Dosta güven, düşmana korona
“Dosta güven, düşmana korku salmak” deyimine nazire yaparcasına, TFF’nin dirayetli duruşu ve sağlıklı yaşamı destekleyen tavrıyla hafta sonunda amatör ligler de dahil tüm maçlar oynandı. Gerçekten, tarihe belki de altın harflerle yazılacak bir girişimden alnının akıyla çıkan TFF; izin verilseydi şüphesiz tüm maçları tıka basa seyirciyle de oynatırdı. Nitekim, saraydan çıkan açıklamaya değin Nihat Özdemir koronavirüse karşı bütün önlemleri aldıklarını ve haftanın en sükseli maçı olmaya teşne Galatasaray – Beşiktaş derbisini ‘tabi ki’ seyircili oynatacaklarını iddia ediyordu.
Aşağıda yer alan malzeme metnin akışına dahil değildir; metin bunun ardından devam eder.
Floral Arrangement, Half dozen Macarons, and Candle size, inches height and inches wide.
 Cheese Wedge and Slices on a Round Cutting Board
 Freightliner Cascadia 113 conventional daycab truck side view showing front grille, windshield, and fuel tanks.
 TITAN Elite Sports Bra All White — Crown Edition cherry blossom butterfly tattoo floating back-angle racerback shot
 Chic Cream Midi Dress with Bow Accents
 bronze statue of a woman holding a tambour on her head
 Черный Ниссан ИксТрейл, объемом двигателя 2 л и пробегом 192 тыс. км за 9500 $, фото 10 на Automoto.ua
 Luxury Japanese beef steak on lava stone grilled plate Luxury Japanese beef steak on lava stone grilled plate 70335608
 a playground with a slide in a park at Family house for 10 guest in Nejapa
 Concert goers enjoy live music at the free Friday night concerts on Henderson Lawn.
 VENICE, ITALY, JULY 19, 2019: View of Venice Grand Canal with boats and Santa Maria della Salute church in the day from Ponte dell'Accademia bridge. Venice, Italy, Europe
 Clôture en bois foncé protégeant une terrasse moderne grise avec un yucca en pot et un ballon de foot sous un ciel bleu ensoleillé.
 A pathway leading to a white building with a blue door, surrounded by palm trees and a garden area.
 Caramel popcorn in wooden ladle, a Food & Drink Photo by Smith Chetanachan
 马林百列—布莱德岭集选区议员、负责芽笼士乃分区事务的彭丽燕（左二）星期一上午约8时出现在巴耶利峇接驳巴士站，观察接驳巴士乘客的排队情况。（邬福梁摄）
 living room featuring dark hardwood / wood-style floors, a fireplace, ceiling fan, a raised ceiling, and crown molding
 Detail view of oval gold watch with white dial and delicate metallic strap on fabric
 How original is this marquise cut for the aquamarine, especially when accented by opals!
(Muhtemelen koronavirüsü 6222 yasası ile stadyumlardan uzak tutabileceği bir şey sanıyordu Sayın Özdemir, yoksa tüm koltukları cif ile temizleyince önlenebilecek bir şey olduğunu sanıyorsa daha vahim bir durumda demektir…)
UEFA kura çekimlerinden, dünyanın maddi geliri en yüksek liglerine (bizde her şey ekonomiye endeksli malum) dek her şeyin ama istisnasız her şeyin ertelendiği ve hatta askıya alındığı bir ortamda ligleri oynatmanın gereğini kim, tane tane ve gayet ikna edici bir biçimde anlatabilir acaba? Sadece ‘emir büyük yerden’ diye midir bu inat, yani gerçekten başlığı doğrularcasına dosta güven vermek, düşmana ise koronavirüs tehlikesinden korkmadığımızı göstermek için midir bütün çabamız?
Öyle ise, başaramadınız.
Zira hani şu onlarca ülkeye naklen yayın yapılan futbol liginizin zirveyi en çok ilgilendiren maçlarından birinden sonra çıkıp futbolcusundan teknik direktörüne herkes maçların neden oynandığını sordu gayet de yüksek bir sesle… Ha şu var ki, zirve takımının başkanı ağzında maske ile yaptığı basın açıklamasında liglerin tatil edilmesini saçma bulduğunu da söyledi.
(Fakat hiçbir basın mensubu, ağzındaki maskeyle söylediklerinin ‘anlaşılmadığını’ yüzüne vuramadı… Şimdiki muhabirler pek kibar oluyor.)
Velhasıl-ı kelam bir iddiaya göre Cristiano Ronaldo’ya ada satın aldırtan, ayan beyan gerçeklere göre ise Fransa’dan Almanya’ya dek cümle alemin maçlarını askıya aldırtan koronavirüs gelmiş hoşgelmiş. Buyursun, baş köşeye; evlerimize, sokaklarımıza, statlarımıza ve hatta bu statlardaki soyunma odalarımıza.
Ancak bizdeki hayat pek ucuz, kendisini doyurur mu bilmem?